By examining the received response packet we confirm the reply code is 3 and the resource record count is 0.

DNS Error types nxdomain

NODATA

Server returns NODATA response when a DNS client requests a domain name that exists but is of a different type than the requested one.  NODATA is not a real response type. It does not have its own RCODE. The RCODE in NODATA responses is set to NOERROR. This type of response it best defined in RFC2308. The RFC defines it as follows:

"NODATA" - a pseudo RCODE which indicates that the name is valid, for the given class, but are no records of the given type.  A NODATA response has to be inferred from the answer.

In the example below, we use dig to explicitly request A record for nodata-test.securesenses.net record. The nodata-test.securesenses.net record exists but the record type is AAAA and not A as requested.  

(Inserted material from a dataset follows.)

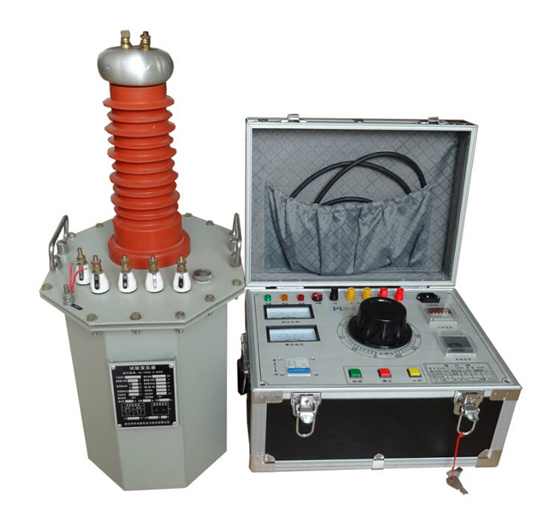 LCSB-工頻高壓試驗變壓器,是小型,輕巧型耐壓試驗裝置,它由控制部分和試驗變壓器組成。是根據國家新行業試驗標準而設計的高壓耐壓設備,其安全可靠、功能強大、使用方便、維護簡單,主要用于對各種電器產品、電氣元件、絕緣材料等進行規定電壓下的絕緣強度試驗。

dig A nodata-test.securesenses.net @8.8.8.8
; <<>> DiG 9.10.6 <<>> A nodata-test.securesenses.net @8.8.8.8
;; global options: +cmd
;; Got answer:
;; ->>HEADER<<- opcode: QUERY, status: NOERROR, id: 32128
;; flags: qr rd ra ad; QUERY: 1, ANSWER: 0, AUTHORITY: 1, ADDITIONAL: 1
;; OPT PSEUDOSECTION:
; EDNS: version: 0, flags:; udp: 512
;; QUESTION SECTION:
;nodata-test.securesenses.net.    IN    A
;; AUTHORITY SECTION:
securesenses.net.    300    IN    SOA    ns-cloud-e1.googledomains.com. cloud-dns-hostmaster.google.com. 6 21600 3600 259200 300


As seen above the status is NOERROR and ANSWER is 0. Reviewing the response packet we can confirm the answer doesn’t contain any resource records.

DNS Error types nodata

There is nothing in dig or Wireshark to explicitly tell us this is a NODATA response. We infer it based on the status being 0 and answers being 0 .

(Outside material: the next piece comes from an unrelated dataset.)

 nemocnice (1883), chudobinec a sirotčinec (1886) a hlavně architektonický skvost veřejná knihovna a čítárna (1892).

Difference between NXDOMAIN and NODATA DNS responses

To summarise these two response types:

  • NXDOMAIN means the requested name does not exists
  • NODATA means the requested domain exists but is of a different RTYPE

REFUSED - RCODE 5

DNS servers use REFUSED response code to indicate that they are not allowed to perform the requested operation based on policy. The examples include:

  • Query received from a network range that is not allowed
  • Query received from a blacklisted IP address
  • Query for a blacklisted DNS record
  • Recursive query sent to a non-recursive server

We can again simulate it by issuing an iteraritve query to a deifferent recursive resolver.

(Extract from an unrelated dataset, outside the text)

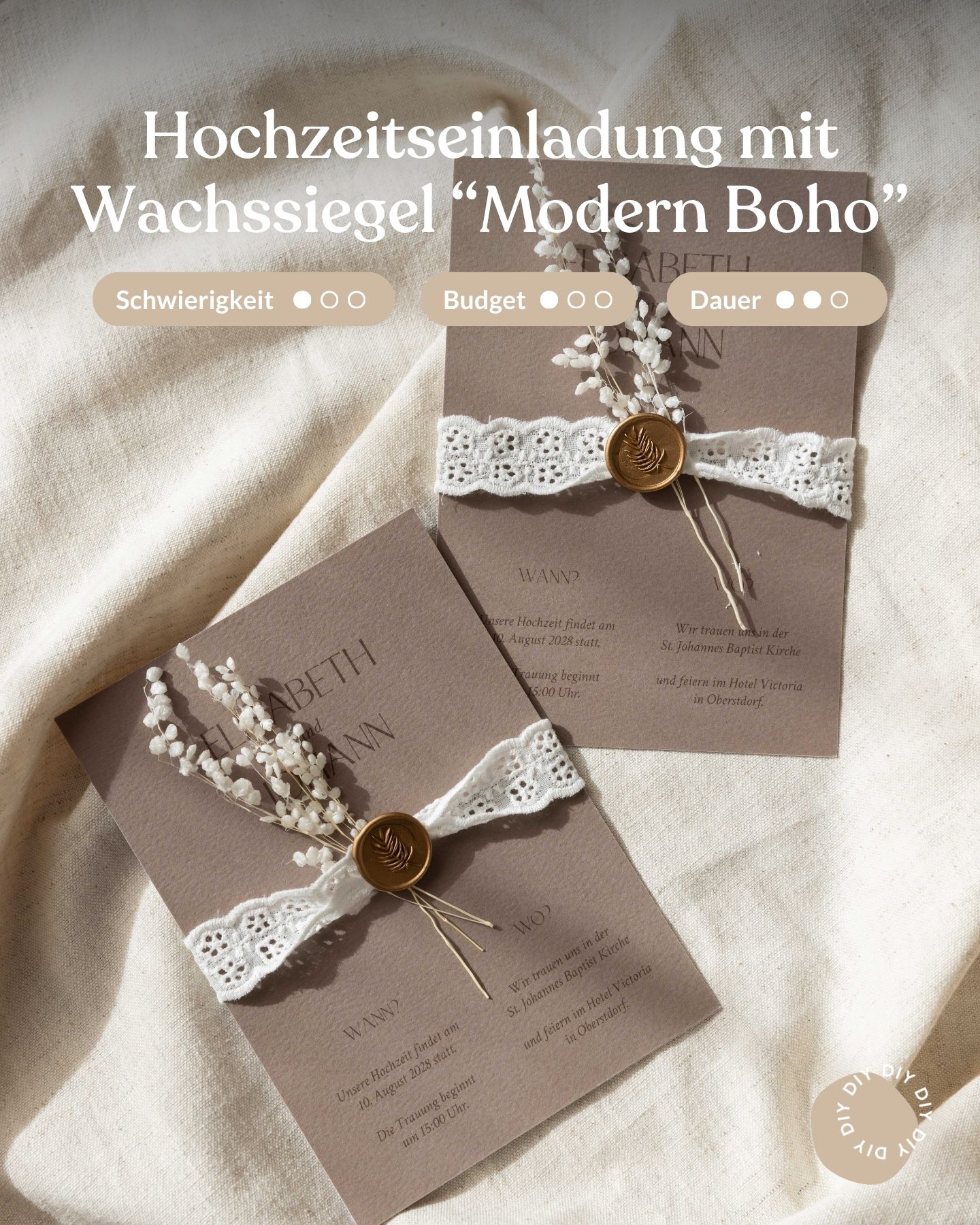 2 Hochzeitseinladungen mit Spitze, Trockenblumen und Wachssiegel verziert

dig www.securesenses.net @88.156.64.21  +norecurse
; <<>> DiG 9.10.6 <<>> www.securesenses.net @88.156.64.21 +norecurse
;; global options: +cmd
;; Got answer:
;; ->>HEADER<<- opcode: QUERY, status: REFUSED, id: 22875
;; flags: qr; QUERY: 1, ANSWER: 0, AUTHORITY: 0, ADDITIONAL: 1 

DNS Error types refused

As we can see different servers return different responses for the same type of queries. In the above example the server returned REFUSED - as it should. In the example in the SERVFAIL section, the server returned the failure response for the same type of condition (iterative query against a recursive resolver).